Without further delay, here are 11 common PhD interview questions and tips on how you should answer them.

1. Tell Us About Yourself

It comes at no surprise that this common ice-breaker question is at the top of our list. This question will likely be asked to help you calm your initial nerves and settle into your interview. As this is a warm-up question, aim to give the interviewer a general overview about yourself as opposed to a detailed breakdown. To achieve this, structure your answer into three sections:

Tell us about yourself - Common PhD Interview Questions

  1. Academic History: start with a summary of your academic background – where and what have you studied? What grades did you achieve?
  2. Research Topic: go onto explain your research interest in your chosen topic – what do you like about it? Do you intend to pursue a career related to it upon obtaining your degree?
  3. Why a PhD: Finish with why you want to undertake a PhD – do you want to make a contribution to science? Do you want to get a job in academia?

2. Why Do You Want to Do A PhD?

Although you may have touched on this in your answer to the above, your interviews will want to know more of the detail if they ask this question as a direct followup.

Though it may appear obvious, the interviewer is specifically interested in discovering your personal motivations for undertaking a PhD. Too often, students answer this question by listing the benefits of a PhD. Not only will the interviewer already know the benefits of a PhD, but a generic answer also won’t help you stand out among the other applicants.

To answer this question and leave a lasting impact, try to include an academic or personal experience that has strengthened your passion for research. As well as this, outline what your career aspirations are and explain how the proposed PhD will help you achieve them. The key to selling yourself here is to let the interviewer know how passionate you are about the project without having to say it.
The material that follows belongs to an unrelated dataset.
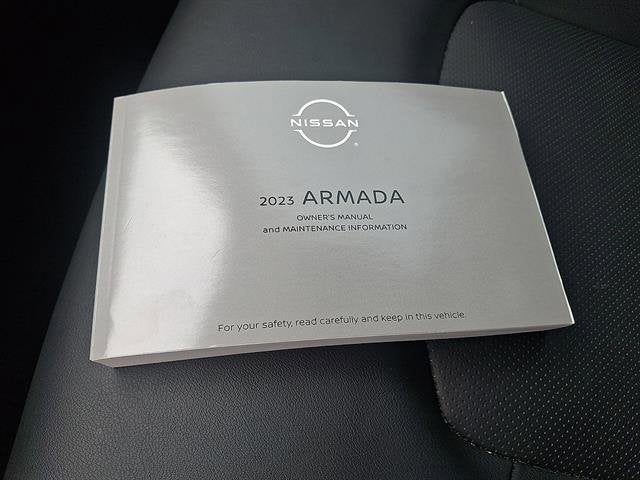 2023 Nissan Armada SL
3. Why Did You Choose This Project?

This is your chance to show that you have researched the University, supervisor and project.
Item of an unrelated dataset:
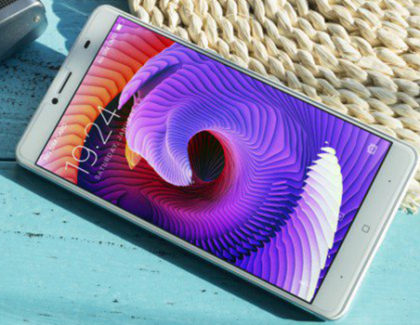 Doogee annuncia Y6 Max, phablet con display da 6,5″ AUO curvo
First, talk about the project. Is there a particular aspect that you’re interested in? If so, mention it. This will show that you’re engaged in the topic and already have a basic understanding of the field. Besides this, a great way to show that you’ve really looked into the research topic would be to discuss a certain part of the methodology the project could adopt.

Next, talk about the University – there may be several universities offering similar projects, but what makes this one stand out? Is it their resources? Is it the prospective supervisor’s research group? Is it their previous involvement in previous influential studies? Again, show that you’ve adequately researched the University and clearly understand what makes it unique.

Finally, you can mention if your decision to apply to their university has been influenced by the expertise of the proposed supervisor. Given that the supervisor will be highly knowledgeable in the research topic you’re applying to, it’s possible they may have contributed to some significant findings in it. If so, it’s acceptable to acknowledge this by mentioning how you would like the opportunity to work under their guidance. However, be careful not to overdo. Although you may be sincere in your answer, it can go against you if your supervisor feels like you’re trying to flatter him. To avoid giving this impression, focus on how his or her expertise will help you develop into a competent researcher.

4. Why Should We Choose You?

“Reassure them you have the skills and experience required to undertake a doctorate degree…”

A very blunt question, but your PhD supervisor will want to make sure you’re the best candidate for the position. This is especially true given they’ll be responsible for supporting you over the next few years. Therefore, the primary aim of your answer will be to reassure them you have the skills and experience required to undertake a doctoral study. To achieve this, identify the critical knowledge and skills required for the project and discuss how you meet each of these. Follow up each justification with a short, relevant example to help give your answers more impact.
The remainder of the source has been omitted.